Irgendwo zwischen Spiegel und Gala wollte man die Vanity-Fair-Baustelle errichten und die Stars der ach so glamourösen Berliner Republik zum Großthema machen: Wenn man Wolfgang Joop, Heidi Klum und den Wowereit ins rechte Licht rückt, sehen sie dann nicht aus wie Ralph Lauren, Tyra Banks und Obama?

In der ersten Ausgabe inszenierte man also Til Schweiger als Coverboy und Cowboy - wenn man so will, war das der Beginn eines langen qualvollen Ritts durch die Wüste, der mit dem Verdursten des Pferdes endete. Kürzlich hatte Chefredakteur Nikolaus Albrecht, der im Mai 2008 auf Poschardt gefolgt war, sein Ausscheiden angekündigt, am heutigen Mittwoch wurde bekannt, dass das Magazin eingestellt wird.

Mit der Finanzkrise, wie es nun heißt, hat das nur bedingt zu tun. Entscheidender ist eine andere strukturelle Dauerkrise: Denn man hatte beim Vanity-Fair-Transfer einen eklatanten Unterschied zwischen dem amerikanischen und dem deutschen Markt nicht bedacht.

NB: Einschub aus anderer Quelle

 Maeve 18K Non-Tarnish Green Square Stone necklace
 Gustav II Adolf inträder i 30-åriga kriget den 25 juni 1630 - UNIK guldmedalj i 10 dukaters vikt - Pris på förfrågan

Eine Nachfrage nach Glamour gibt es zwar auch hier, nur mangelt es am Angebot glamouröser Subjekte: "Vanity Fair" bedeutet übersetzt "Jahrmarkt der Eitelkeiten", aber es genügt auf diesem Jahrmarkt nicht, einfach nur eitel zu sein: Man muss seine Eitelkeit wie ein Schausteller inszenieren, effektvoll zeigen, was man kann.

Dafür gibt es im US-amerikanischen Starsystem eine ganze Armada von "Publicists", Öffentlichkeitsmanagern, die Popstars oder Schauspieler beraten, was sie am besten wie von sich preisgeben, um eine Kunstfigur mit unterhaltendem Image aufzubauen.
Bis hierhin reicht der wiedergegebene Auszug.